王廓冷笑一声,从怀里掏出块令牌扔给赵甲:“拿着这个去见锦衣卫的人,告诉他,京畿卫上下三百亲兵,今夜随太子调遣。另外,把营里所有战马的马蹄都裹上麻布,弓箭上弦,刀斧出鞘,但没有我的命令,谁也不许发出半点动静。”

        “将军这是.”

        “侯君集想借咱们的手搅乱长安,太子想借咱们的手稳住城防,咱们心里得有一杆称!”

        王廓缓缓开口,声音里带着一种前所未有的平静:“还有,把那十枚金锭也拿出来,熔了。”

        赵甲诧异:“啊!?”

        “熔成十个小牌子,刻上‘京畿卫’三个字。”

        王廓走到帐门口,望着长安方向:“当年侯君集救我是情分。可如今他要毁了长安,我不能让弟兄们跟着他死。”

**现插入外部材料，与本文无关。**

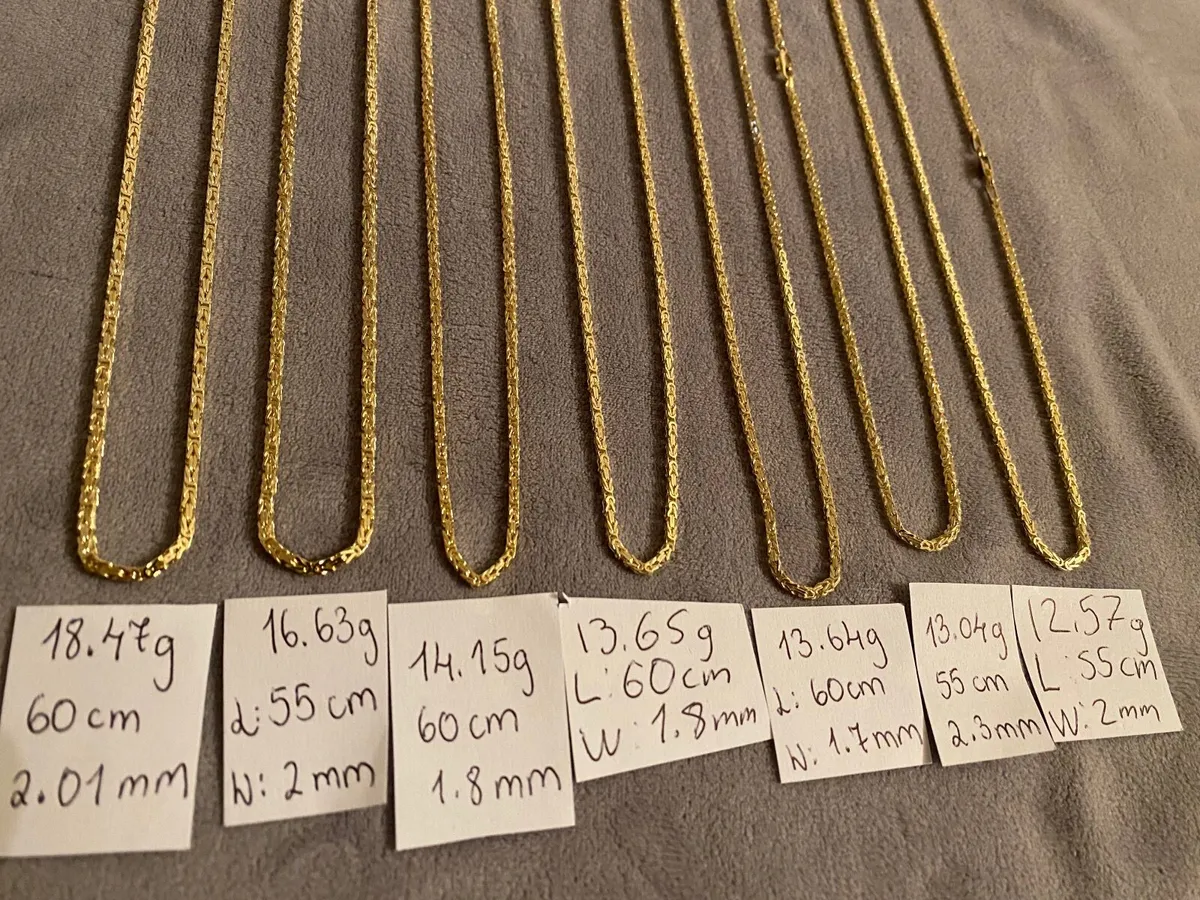 🌟🌟Necklaces/Bracelets/Earrings🌟🌟14k 585. - Image 1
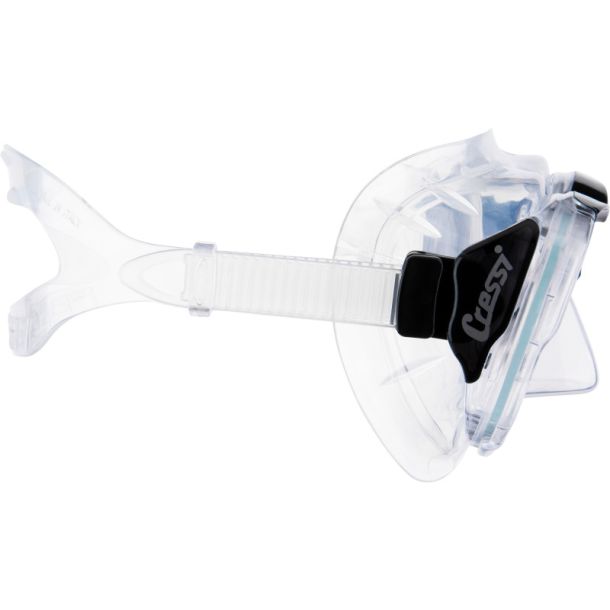 Cressi Big Eyes + Seal Dry snorkel combo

        他抬手按住腰间的横刀,那道旧疤在烛火下突突跳动:“去告诉侯君集的人,就说王廓这条命是欠他的,若他肯罢手,我随他去见太子领罪。但要想踏过安化门一步,先从我的尸身上踩过去。”

        赵甲看着他脸上的疤痕,忽然明白了什么,猛地躬身:“末将遵命!”

        王廓目送他离开军帐,忽然低声自语:“侯爷,当年你救我,是因为咱们都是大唐的兵。如今我拦你,也是因为这个。”